EXERCISE INPUT.

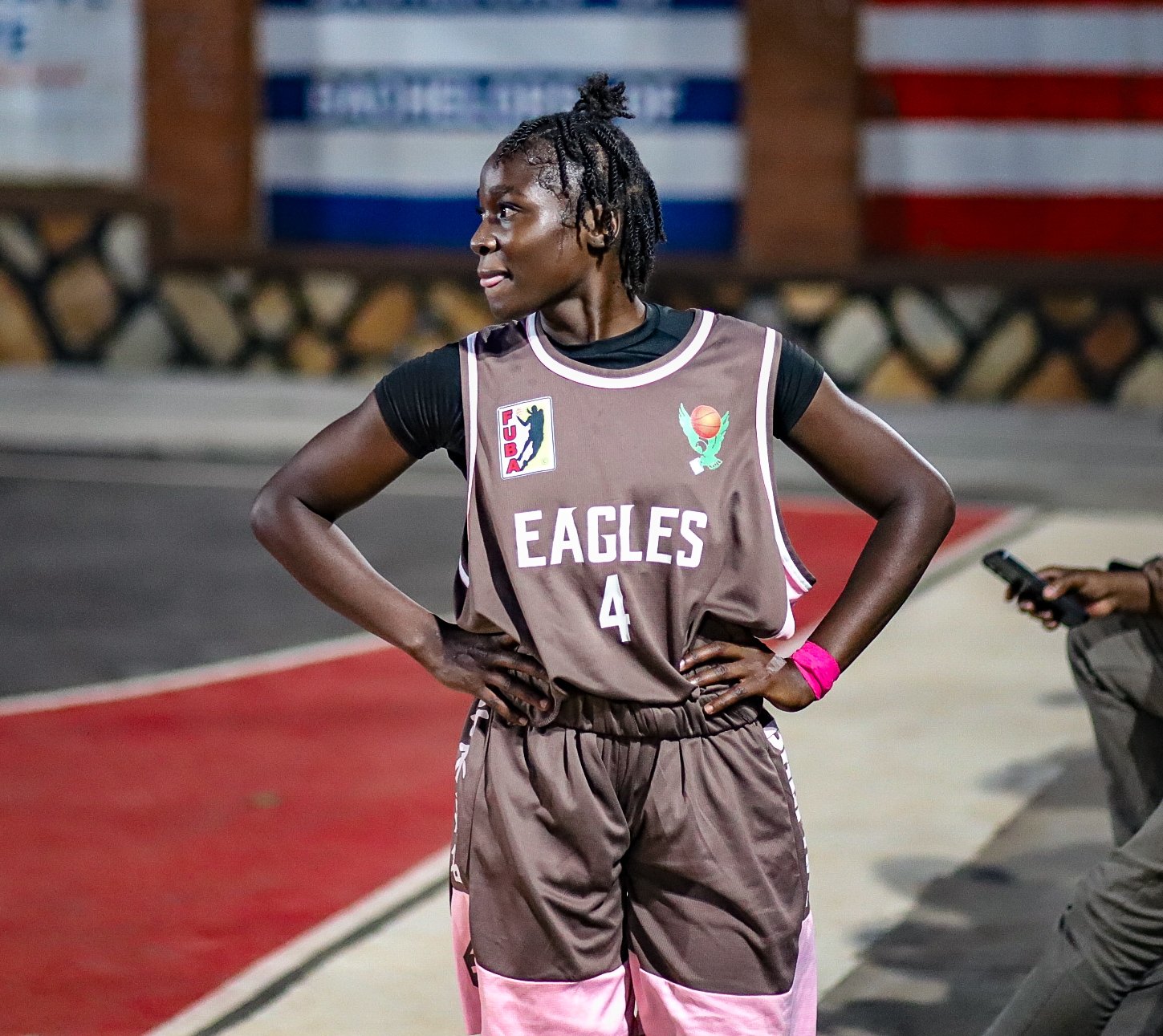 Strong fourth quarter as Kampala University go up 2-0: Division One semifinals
---
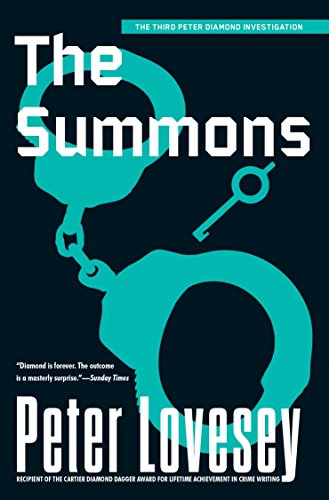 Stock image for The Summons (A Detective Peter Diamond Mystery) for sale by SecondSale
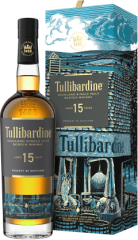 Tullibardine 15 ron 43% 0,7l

EXERCISE REQUIREMENTS. Transcribe, from the material above, the stretch starting at the line with "Stock image for" and ending at the line with "Tullibardine 15 ron 43% 0,7l", both included, exactly. Do not carry over pictures.

OUTPUT FOR THIS EXERCISE.
 Stock image for The Summons (A Detective Peter Diamond Mystery) for sale by SecondSale
 Tullibardine 15 ron 43% 0,7l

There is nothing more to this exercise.